Media literacy for educators




A GROUP of Malaysian educators and media practitioners have been working together to design the country’s first media literacy curriculum.

The partnership is made possible with the setting up of a national movement called Media Education For All (ME4A) with 15 educators as its founding members.

Along with media professionals, the founders seek to design the curriculum catered for Malaysia’s local context and needs, ME4A said in a press release on March 11.

Over the past two months, the educators have received training on a wide scope of media literacy topics, including its role in creating more awareness of democracy, biases, information disorders and information verification. They were also shown how to embed these concepts into their lessons.
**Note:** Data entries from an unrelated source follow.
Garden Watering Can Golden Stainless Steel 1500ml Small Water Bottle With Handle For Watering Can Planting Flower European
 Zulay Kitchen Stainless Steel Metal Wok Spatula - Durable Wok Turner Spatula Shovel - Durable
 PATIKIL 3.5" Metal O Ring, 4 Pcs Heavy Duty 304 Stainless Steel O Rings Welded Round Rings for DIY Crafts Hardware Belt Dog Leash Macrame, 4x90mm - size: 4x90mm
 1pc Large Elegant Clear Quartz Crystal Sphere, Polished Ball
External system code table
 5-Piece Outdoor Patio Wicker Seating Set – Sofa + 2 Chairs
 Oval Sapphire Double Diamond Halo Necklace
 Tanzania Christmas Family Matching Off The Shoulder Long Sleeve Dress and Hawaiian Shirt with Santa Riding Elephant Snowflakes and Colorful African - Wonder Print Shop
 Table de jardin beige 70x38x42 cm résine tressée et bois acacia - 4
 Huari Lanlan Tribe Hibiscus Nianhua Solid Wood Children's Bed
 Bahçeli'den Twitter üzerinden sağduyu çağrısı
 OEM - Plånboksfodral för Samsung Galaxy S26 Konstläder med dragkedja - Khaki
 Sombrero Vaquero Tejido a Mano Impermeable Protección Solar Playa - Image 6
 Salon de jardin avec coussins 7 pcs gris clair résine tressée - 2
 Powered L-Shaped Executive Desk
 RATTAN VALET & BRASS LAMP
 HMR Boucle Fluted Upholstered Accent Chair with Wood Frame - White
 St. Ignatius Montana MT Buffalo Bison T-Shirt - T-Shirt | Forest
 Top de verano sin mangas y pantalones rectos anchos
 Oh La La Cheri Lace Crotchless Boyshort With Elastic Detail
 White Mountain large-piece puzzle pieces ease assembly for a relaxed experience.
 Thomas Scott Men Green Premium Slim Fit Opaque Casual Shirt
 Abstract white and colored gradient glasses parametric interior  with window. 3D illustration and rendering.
Universiti Putra Malaysia Faculty of Educational Studies senior lecturer Dr Aini Marina Ma’arof said the comprehensive, hands-on training has served as an instrumental grassroots effort to kickstart the initiative at the national level.

“Currently, there is no standardised national curriculum or curricular guidance in Malaysia on media literacy, nor is there dedicated funding for supporting teachers’ professional development in this area, ” she said.

English language teacher Hazwan Hamdan from SABK Maahad Ehyak Diniah Islamiah in Batu Gajah, Perak, said the series of workshops has equipped him with the skills to create safe media usage.

“All this while, we’ve relied on others to expose the truths or lies presented in the media. Now, I can start off my own investigation into the news I read, such as doing a reverse image search to know its origin, ” he said.

SJKC Kuen Cheng 1, Kuala Lumpur, teacher Jessica Ch’ng is involved in developing a module on information verification with the other co-founders.

“What excites me about working on this curriculum is that it will help educators and students have important conversations on how they consume and create media. Everyone should be made aware that being media literate is a right, not a privilege, ” she said.

ME4A media mentor Darshini Kandasamy, who is Malaysia Information Literacy Education co-founder, said the curriculum is crucial as educators will be better prepared to help youth of various age groups process information, discern for themselves what is real and fake, and become more responsible citizens, both in the physical and digital spheres.

The ME4A movement is facilitated by education social enterprise Arus Academy, in partnership with impact and investigative journalism collective The Fourth.